The tedious challenging of Big Data is to store and retrieve of required data from the search engines.
Problem Defined
There is an obligation for the quick and efficient retrieval of useful ...information for the many organizations. The elementary idea is to arrange these computing files of organization into individual folders in an hierarchical order of folders. Manually, to order these files into folders, there is an ardent need to know about the file contents and name of the files to give impression of files, so that it provides an alignment of certain set of files as a bunch.
Problem Statement
Manual grouping of files has its own complications, for example when these files are in numerous amounts and also their contents cannot be illustrious by their labels. Therefore, it’s an intense requirement for Document clustering with data processing machines for enthusiastic results.
Existing System
A couple of analyzers are impending with dynamic algorithms and comprehensive analogy of extant algorithms, but, yet, these have been restricted to organizations and colleges. After recent updated rules of NMF their raised a self interest in document clustering. These rules gave trust in its performances with better results when compared to Latent Semantic Indexing with Singular Value Decomposition.
Proposed System
A new working miniature called Novel K-means Non-Negative Matrix Factorization (KNMF) is implemented using renovated guidelines of NMF which has been diagnosed for clustering documents consequently. A new data set called Newsgroup20 is considered for the exploratory purpose. Removal of common clutter/stop words using keywords from Key Phrase Extraction Algorithm and a new proposed Iterated Lovin stemming will be utilized in preprocessing step inassisting to KNMF. Compared to the Porter stemmer and Lovins stemmer algorithms, Iterative Lovins algorithm is providing 5% more reduction. 60% of the document terms are been minimized to root as remaining terms are already root words. Eventually, an appeal to these processes named “Progressive Text mining radical” is developed inlateral exertion of K-Means algorithm from the defined Apache Mahout Project which is used to analyze the performance of the MapReduce framework in Hadoop.

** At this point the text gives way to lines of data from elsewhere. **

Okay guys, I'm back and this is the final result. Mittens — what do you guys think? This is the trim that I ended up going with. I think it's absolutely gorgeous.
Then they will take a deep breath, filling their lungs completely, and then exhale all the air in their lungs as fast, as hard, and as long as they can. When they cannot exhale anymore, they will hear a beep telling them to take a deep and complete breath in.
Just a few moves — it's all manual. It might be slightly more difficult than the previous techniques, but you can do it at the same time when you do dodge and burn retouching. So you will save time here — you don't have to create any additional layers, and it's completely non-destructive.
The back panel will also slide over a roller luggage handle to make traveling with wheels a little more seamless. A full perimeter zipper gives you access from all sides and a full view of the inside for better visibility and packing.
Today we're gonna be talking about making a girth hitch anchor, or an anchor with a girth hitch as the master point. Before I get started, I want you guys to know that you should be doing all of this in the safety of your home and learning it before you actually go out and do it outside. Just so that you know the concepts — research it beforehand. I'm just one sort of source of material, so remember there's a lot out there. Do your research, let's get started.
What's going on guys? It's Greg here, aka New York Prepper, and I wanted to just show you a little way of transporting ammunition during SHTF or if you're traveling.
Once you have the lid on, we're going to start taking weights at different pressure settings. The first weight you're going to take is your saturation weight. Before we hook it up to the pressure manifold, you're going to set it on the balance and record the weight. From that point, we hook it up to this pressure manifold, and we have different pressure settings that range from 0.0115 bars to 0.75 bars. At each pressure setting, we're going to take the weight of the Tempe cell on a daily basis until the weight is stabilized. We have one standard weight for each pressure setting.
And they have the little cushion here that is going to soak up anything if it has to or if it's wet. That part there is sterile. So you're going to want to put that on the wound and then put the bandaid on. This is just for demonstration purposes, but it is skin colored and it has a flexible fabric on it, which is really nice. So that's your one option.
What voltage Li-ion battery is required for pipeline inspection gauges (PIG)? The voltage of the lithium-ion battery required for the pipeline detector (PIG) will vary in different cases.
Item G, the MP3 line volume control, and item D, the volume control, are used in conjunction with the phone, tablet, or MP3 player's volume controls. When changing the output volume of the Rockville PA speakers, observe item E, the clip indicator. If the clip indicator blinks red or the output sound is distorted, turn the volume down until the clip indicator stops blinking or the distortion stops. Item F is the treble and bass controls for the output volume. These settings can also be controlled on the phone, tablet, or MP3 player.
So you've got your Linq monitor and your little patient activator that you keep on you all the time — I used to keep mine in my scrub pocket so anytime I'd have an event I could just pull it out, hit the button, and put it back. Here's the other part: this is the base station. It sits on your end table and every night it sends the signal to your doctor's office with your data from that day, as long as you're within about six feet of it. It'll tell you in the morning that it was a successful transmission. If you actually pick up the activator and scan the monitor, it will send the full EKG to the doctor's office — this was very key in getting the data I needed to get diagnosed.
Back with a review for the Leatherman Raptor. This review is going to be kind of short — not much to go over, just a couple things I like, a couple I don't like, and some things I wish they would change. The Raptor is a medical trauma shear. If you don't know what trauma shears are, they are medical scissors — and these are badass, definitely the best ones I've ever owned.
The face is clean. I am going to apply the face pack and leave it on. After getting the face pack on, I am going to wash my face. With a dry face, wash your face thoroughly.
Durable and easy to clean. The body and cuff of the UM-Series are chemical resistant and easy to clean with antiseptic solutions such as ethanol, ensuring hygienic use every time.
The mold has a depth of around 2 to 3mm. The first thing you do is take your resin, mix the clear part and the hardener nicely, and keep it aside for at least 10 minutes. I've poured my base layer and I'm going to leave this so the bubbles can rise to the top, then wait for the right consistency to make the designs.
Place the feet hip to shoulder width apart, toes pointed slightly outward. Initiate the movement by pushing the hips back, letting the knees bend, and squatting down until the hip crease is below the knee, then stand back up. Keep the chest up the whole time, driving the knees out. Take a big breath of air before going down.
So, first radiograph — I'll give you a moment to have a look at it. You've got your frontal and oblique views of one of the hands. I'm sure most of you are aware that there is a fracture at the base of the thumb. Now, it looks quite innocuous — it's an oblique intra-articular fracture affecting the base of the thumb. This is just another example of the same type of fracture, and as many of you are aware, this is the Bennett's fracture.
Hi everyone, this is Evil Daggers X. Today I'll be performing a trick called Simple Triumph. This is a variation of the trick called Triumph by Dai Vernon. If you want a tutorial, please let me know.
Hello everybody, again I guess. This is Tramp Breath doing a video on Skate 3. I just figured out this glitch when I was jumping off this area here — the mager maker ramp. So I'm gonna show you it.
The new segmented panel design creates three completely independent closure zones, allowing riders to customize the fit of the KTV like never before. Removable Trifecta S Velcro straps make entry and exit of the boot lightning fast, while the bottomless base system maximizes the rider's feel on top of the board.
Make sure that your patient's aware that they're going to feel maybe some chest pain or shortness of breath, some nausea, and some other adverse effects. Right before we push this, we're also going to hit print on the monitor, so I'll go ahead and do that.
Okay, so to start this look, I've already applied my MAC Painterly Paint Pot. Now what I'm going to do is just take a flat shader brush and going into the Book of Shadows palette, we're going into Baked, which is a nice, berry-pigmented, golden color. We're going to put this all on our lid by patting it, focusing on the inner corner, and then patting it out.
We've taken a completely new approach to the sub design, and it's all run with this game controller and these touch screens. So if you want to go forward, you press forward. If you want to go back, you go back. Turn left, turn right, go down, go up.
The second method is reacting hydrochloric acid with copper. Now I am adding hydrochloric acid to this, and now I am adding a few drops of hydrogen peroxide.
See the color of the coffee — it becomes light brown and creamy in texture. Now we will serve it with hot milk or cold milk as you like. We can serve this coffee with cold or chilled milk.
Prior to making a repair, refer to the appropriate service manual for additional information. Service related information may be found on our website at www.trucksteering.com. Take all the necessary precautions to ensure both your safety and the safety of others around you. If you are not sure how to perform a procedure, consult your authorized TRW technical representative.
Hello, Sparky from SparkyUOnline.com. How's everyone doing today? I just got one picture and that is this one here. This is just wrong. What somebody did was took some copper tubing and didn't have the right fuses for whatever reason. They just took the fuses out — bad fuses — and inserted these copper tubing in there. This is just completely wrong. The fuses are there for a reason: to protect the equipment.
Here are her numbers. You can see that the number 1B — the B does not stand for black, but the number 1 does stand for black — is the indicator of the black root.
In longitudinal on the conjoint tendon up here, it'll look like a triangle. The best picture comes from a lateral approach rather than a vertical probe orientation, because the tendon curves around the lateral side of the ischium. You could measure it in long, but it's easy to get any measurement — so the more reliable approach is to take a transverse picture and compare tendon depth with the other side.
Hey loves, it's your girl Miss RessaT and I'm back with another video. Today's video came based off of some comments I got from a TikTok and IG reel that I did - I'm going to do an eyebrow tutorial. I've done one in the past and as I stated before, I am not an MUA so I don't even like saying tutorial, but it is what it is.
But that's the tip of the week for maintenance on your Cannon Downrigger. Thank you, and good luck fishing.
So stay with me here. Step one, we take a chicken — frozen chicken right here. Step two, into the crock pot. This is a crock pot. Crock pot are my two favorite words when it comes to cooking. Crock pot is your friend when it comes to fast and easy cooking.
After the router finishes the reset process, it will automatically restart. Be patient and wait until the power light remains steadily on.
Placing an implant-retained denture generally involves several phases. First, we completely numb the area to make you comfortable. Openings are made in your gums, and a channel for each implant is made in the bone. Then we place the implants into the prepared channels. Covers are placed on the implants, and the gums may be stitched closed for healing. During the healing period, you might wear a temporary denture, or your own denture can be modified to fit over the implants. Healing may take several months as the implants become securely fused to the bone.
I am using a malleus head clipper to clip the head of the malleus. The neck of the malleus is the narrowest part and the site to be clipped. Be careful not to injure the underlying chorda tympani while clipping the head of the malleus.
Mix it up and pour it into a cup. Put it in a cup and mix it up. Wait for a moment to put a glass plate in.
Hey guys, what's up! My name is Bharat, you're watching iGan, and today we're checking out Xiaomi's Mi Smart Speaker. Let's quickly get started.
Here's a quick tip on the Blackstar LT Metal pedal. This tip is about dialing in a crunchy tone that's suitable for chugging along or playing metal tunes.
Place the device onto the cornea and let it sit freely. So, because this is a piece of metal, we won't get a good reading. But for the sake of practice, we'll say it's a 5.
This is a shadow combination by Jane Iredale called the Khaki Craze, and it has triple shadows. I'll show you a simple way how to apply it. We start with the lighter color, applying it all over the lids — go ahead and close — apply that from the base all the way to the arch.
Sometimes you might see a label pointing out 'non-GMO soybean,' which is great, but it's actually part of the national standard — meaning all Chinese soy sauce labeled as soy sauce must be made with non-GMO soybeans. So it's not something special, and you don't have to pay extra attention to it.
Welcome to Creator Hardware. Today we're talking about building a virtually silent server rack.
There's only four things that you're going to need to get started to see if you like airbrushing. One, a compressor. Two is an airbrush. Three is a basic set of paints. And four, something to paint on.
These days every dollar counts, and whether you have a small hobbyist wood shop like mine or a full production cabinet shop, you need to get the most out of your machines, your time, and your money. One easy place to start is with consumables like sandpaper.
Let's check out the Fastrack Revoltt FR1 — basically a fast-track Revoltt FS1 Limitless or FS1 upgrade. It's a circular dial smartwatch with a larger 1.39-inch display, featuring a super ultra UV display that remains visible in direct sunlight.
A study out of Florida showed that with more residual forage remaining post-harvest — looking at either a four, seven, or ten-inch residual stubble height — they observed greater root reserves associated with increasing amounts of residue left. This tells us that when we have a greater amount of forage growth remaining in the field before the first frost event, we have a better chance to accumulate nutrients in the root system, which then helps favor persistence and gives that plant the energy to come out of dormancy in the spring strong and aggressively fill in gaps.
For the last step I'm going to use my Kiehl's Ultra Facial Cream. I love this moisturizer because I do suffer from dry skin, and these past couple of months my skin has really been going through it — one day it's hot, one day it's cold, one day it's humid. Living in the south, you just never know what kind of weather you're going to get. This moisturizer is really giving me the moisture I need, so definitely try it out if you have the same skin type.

While the use of patent mapping tools is growing, the ‘black-box’ systems involved do not generally allow the user to interfere further than the preliminary retrieval of documents. Except, that is, ...for one thing: the stopword list, i.e. the list of ‘noise’ words to be ignored, which can be modified to one’s liking and dramatically impacts the final output and analysis. This paper invokes information science and computer science to provide clues for a better understanding of the stopword lists’ origin and purpose, and how they fit in the mapping algorithm. Further, it stresses the need for stopword lists that depend on the document corpus analyzed. Thus, the analyst is invited to add and remove stopwords—or even, in order to avoid inherent biases, to use algorithms that can automatically create ad hoc stopword lists.